December 03, 2007
The Bush administration on Monday hailed as a victory for democracy the rare electoral defeat handed to Venezuelan President Hugo Chávez, its most vociferous foe in Latin America.
Chávez narrowly lost a referendum on constitutional reforms that would have allowed him to seek unlimited reelection and press ahead with his socialist revolution. The defeat reinvigorated a Venezuelan opposition humbled by 11 straight election defeats.
The Bush administration kept a low profile during the campaign, wary of transforming an event into a U.S.-Venezuela confrontation. Chávez regularly casts his opponents, both in Venezuela and abroad, as U.S. stooges.
''We congratulate the people of Venezuela on their vote and their continued desire to live in freedom and democracy,'' Gordon Johndroe, a White House National Security Council spokesman, said in an e-mail to The Miami Herald.
The State Department also was pleased.
''We felt that this referendum would make Chavez president for life, and that's not ever a welcome development,'' U.S. Undersecretary of State Nicholas Burns told reporters in Singapore, according to the Associated Press. ``In a country that wants to be a democracy, the people spoke, and the people spoke for democracy and against unlimited power.''
Florida Republican Rep.

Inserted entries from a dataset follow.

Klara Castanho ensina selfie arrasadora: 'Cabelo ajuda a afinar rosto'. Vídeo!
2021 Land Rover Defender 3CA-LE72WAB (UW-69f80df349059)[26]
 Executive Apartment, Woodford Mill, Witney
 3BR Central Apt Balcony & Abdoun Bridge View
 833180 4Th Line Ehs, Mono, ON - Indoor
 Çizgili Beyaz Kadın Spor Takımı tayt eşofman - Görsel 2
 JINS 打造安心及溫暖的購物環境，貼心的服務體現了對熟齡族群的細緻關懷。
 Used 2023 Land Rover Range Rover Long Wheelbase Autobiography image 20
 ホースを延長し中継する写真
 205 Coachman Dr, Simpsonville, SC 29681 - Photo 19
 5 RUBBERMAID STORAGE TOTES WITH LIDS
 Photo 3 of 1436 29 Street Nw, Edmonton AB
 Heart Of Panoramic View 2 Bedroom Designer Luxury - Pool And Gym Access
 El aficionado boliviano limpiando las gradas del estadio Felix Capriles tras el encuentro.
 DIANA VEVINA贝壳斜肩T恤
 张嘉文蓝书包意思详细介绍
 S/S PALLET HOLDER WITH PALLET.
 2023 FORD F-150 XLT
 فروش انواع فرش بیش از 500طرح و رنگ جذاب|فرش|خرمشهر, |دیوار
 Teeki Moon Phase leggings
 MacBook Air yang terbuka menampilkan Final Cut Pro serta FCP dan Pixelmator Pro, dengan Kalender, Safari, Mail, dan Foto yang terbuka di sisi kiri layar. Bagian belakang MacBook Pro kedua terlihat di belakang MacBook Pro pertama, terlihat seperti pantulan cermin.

Connie Mack, an outspoken congressional opponent of Chávez, shot off a statement headlined ``Freedom wins!''
''The people of Venezuela have spoken,'' he said. ``They want to live in freedom. They have rejected Hugo Chávez's Bolivarian Revolution. They despise his vicious assaults on freedom and free markets, and they fear his cozy relationships and friendships with the likes of the Iranian Mullahs.''
But Mack warned that Chávez still has five years in office, ``a long window for him to continue to make mischief in Venezuela and around the world.''
Roger Noriega, former assistant secretary of state for the Western Hemisphere, believed the margin of victory was broader in favor of the 'no' vote, but that Chávez had no choice but to admit defeat.
''It will be a bitter pill and he will be slashing in every direction and will provoke another crisis,'' said Noriega, who often engaged in verbal duels with Chávez until leaving office in 2005.
''If he overreaches again or soon, he will be risking everything, and he knows it,'' Noriega said.